Life's a Bee and Then You Die


HONEYLAND (A-minus) - This thoroughly depressing documentary follows the hardscrabble life of Hatidze as she nurtures the bee population of her crude hamlet outside the capital of Macedonia. She also tends to her dying mother in the stone hut they share. When a rowdy couple with a bunch of undisciplined kids moves in next door, they decide to clumsily take up beekeeping themselves, upsetting the town's apian ecosystem and threatening Hatidze's livelihood.

Hatidze nonetheless helps look after these neighbor kids and still goes about collecting honey and selling it in Skopje. The details of her day-to-day existence in this primitive setting are fascinating. People are industrious when they need to be. (They rig up an aluminum disc on a pole -- nailing it in place using a rock -- so they can use it as an antenna for an old transistor radio that they gather 'round like the castaways of Gilligan's Island.) Somehow, the movie is bookended with snippets of the '70s cheese classic "You Are So Beautiful" (doesn't sound like the Joe Cocker version, though), a touch of irony considering Hatidze's haggish, dentally challenged physical appearance. (She looks 70 but tells someone she was born in 1964.))

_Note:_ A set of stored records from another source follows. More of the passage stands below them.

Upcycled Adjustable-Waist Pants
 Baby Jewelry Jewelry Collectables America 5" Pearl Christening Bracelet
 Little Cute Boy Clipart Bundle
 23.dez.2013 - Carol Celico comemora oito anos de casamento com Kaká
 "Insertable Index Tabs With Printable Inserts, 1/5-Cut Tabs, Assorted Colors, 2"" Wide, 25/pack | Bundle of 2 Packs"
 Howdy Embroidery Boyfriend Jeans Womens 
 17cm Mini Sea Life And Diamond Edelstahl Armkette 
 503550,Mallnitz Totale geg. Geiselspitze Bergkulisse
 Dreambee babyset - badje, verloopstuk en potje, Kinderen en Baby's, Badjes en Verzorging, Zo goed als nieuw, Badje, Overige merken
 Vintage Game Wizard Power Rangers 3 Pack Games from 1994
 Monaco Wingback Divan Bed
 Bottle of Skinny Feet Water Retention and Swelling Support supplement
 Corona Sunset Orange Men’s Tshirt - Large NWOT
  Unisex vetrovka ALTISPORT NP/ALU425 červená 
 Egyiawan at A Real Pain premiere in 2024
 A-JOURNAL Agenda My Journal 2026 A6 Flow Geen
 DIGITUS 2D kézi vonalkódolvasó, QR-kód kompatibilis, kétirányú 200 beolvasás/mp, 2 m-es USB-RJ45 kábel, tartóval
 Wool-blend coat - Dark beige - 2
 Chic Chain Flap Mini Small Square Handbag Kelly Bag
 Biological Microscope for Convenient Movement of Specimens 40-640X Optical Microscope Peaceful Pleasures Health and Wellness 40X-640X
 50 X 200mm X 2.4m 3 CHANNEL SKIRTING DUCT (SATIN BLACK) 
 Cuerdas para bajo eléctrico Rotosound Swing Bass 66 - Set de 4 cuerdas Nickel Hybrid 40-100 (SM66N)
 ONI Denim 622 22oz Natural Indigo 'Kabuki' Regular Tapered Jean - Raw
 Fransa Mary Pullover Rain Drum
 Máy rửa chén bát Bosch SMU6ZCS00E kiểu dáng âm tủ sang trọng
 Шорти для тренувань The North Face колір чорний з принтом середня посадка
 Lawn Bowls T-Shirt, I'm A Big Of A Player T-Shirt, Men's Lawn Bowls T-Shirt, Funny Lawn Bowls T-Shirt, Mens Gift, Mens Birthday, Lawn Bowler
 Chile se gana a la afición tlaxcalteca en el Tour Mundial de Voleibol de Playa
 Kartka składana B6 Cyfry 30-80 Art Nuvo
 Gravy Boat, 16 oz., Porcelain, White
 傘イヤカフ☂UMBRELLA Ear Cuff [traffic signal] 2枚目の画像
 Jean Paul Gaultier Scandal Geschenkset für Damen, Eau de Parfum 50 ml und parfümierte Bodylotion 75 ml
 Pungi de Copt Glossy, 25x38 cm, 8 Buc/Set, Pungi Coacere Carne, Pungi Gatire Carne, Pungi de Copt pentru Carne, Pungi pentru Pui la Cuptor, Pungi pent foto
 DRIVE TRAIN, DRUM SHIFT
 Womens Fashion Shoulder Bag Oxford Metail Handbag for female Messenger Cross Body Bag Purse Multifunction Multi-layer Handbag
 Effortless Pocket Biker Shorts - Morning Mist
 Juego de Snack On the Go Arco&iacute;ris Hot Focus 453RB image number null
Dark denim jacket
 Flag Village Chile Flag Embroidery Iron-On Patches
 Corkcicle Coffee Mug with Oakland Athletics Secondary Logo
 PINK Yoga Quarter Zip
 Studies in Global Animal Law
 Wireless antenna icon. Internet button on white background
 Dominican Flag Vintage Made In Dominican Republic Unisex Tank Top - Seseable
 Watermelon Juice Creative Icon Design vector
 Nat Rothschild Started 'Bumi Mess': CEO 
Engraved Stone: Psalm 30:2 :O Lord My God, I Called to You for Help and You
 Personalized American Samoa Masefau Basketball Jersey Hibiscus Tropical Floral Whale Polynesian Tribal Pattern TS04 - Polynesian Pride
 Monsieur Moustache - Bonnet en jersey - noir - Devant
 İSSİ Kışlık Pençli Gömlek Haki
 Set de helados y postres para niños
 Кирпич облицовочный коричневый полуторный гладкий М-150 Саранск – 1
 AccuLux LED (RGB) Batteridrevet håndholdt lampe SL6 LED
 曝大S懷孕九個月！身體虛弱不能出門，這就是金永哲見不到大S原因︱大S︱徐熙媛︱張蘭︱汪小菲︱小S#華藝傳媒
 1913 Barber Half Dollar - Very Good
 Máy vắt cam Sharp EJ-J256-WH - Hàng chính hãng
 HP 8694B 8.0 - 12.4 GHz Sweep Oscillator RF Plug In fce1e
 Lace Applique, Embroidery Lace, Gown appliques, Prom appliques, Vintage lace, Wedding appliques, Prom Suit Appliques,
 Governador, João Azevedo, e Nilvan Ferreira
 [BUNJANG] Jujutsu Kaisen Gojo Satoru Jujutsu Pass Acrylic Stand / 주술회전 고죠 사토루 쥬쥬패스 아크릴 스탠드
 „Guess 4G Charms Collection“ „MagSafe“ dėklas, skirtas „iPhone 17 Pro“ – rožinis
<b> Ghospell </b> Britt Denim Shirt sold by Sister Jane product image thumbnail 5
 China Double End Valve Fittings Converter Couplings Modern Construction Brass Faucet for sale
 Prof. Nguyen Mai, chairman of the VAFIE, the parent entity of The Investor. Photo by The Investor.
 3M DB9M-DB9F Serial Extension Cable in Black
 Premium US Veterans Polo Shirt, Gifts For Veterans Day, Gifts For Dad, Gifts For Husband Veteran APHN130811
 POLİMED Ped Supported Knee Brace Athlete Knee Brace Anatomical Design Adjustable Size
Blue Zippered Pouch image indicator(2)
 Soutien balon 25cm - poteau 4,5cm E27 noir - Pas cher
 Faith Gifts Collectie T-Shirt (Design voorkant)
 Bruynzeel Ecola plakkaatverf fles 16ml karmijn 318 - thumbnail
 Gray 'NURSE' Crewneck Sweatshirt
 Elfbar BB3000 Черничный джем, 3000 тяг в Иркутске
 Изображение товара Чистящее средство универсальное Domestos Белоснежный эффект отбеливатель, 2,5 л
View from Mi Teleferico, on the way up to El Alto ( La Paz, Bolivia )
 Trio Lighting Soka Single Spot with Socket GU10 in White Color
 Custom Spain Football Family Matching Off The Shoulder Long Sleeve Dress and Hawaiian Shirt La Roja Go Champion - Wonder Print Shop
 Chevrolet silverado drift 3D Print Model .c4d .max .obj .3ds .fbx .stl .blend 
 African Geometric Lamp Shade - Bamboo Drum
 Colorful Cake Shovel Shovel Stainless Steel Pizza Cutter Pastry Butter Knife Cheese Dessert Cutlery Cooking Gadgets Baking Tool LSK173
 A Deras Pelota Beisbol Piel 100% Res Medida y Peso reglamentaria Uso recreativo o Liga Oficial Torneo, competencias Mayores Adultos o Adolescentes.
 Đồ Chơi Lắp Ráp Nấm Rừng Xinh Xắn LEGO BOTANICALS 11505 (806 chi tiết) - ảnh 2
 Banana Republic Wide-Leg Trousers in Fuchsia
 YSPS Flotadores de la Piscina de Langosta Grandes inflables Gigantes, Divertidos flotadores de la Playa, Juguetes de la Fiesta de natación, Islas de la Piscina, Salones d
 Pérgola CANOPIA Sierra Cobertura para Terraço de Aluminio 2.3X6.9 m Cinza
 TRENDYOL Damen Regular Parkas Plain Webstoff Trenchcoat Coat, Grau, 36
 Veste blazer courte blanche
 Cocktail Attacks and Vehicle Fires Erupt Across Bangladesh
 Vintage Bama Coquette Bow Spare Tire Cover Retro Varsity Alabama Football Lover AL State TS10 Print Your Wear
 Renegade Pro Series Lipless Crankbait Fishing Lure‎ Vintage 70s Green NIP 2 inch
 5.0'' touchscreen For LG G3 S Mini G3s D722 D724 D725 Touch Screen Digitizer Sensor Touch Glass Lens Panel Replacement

Directors Tamara Kotevska and Ljubomir Stefanov gain intimate access to every aspect of Hatidze's simple existence. The camera is perpetually over their subject's shoulder, even as she scales a cliff to check on a hive that is treacherously situated. Some of the visuals are breathtaking. The directors find humor in this rough existence (the neighbor kids are constantly battering and bruising each other -- when they're not getting stung by bees). Hatidze is a survivor, and her gumption is to be admired. But there are times when you wonder if this trudge to the grave is beautiful or pointless.

MONROVIA, INDIANA (C-minus) - You know all those things you do throughout the day -- get your hair cut, shop at the grocery store, do your job, maybe go to a community meeting, prattle on to your fellow senior citizens at the ol' diner? Would you ever want to watch yourself do those things? Would you want to watch a bunch of people in rural Indiana doing those things? Documentary legend Frederick Wiseman thinks you do. You don't.

File this one under Fast Forward Theater. This is as dull as watching corn grow. Which we do in this film, by the way. Sorry, this town is just not interesting. What is the point? Life is tedious and then you die? (Wiseman actually closes with about 15 minutes of a rambling sermon at a funeral for some old lady named Shirley.)

Wiseman -- known for modern successes like "Boxing Gym" and "Crazy Horse" -- has been testing our patience for quite a while now. "At Berkeley" (four hours) and "In Jackson Heights" (a mere three) were wonky process experiments that pushed the limits of fly-on-the-wall observational narration. They just could not be consumed in one sitting, if at all. But at least he had a compelling subject last year in "Ex Libris," about the New York Public Library. It gave us hope that the old boy was back on his game. No such luck.